Did you ever think you’d meet a captain of his football team, one of the best players in the country, making 35 grand a year?

Well, meet Rick Davis, midfielder for (a little fanfare music, please, professor!) the American national football team, presumably the best aggregation of its kind this side of the San Francisco 49ers. Rick can do everything in his sport that, oh, say, Brian Bosworth can do in his. But, nobody’s breaking his door down to get him in deodorant commercials or shoe promotions.

We call his game “soccer” in the United States, but it’s football in the rest of the world. The governing body’s initials, FIFA, stand for Federation De International Football and it makes the National Football League look like a branch office. It runs the game in 80 countries worldwide.

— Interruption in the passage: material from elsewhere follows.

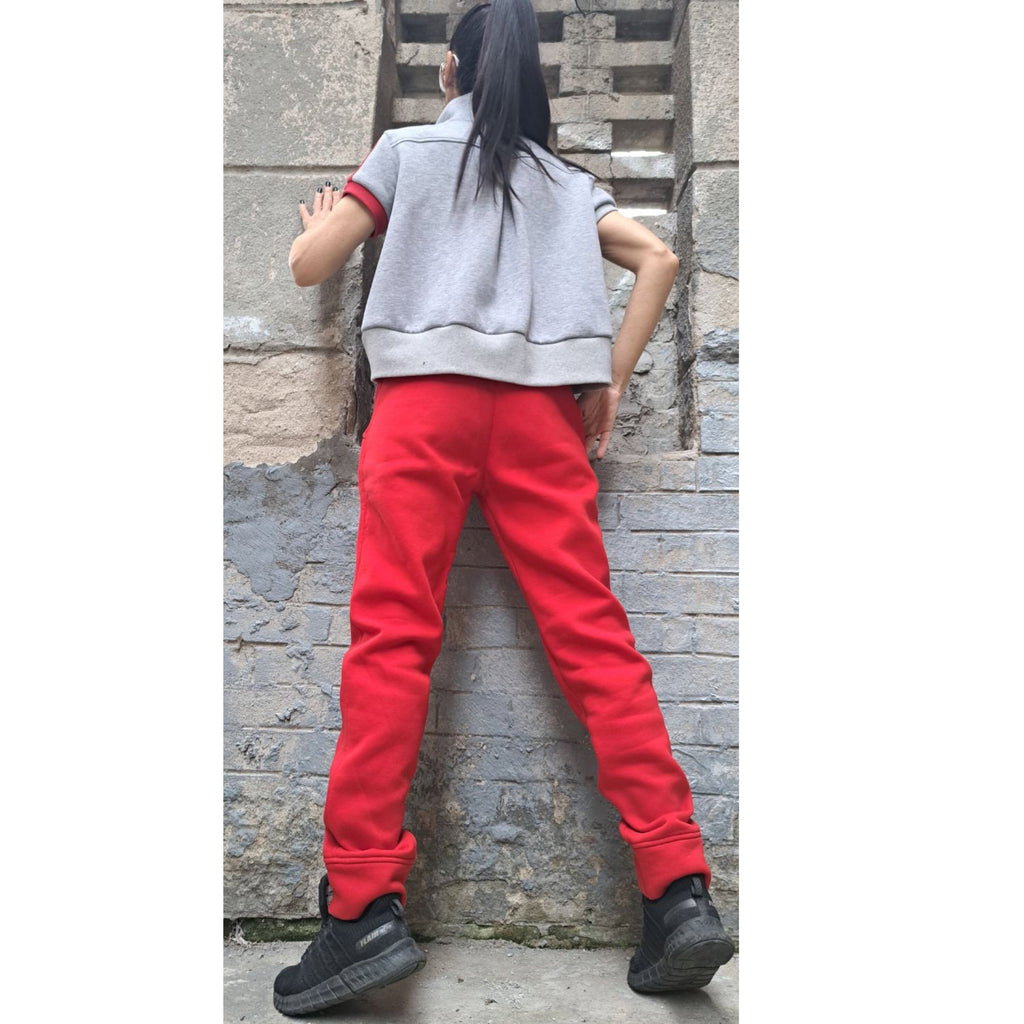 Red & Gray Tracksuit Set: High Waist Pants, Short Sleeve Top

Soccer is at the crossroads in the United States, Rick Davis admits. It has its best chance in the next decade to crack through into the American consciousness as a bigtime event. For one thing, the World Cup, soccer’s super Super Bowl, is coming here in 1994. With television starved for new divertissements, soccer/football hopes to rush into the void. The World Cup takes place just as the basketball and hockey playoffs are winding up and the game’s fondest wish is an American team that can be competitive in its playoffs in the hopes Americans will take take this legal alien in and assimilate it.

The good news is, the host country gets a pass, an automatic invitation into the World Cup in its country. It doesn’t have to qualify for 1994. But, the American team has to shoot its way into the next World Cup, in Italy in 1990.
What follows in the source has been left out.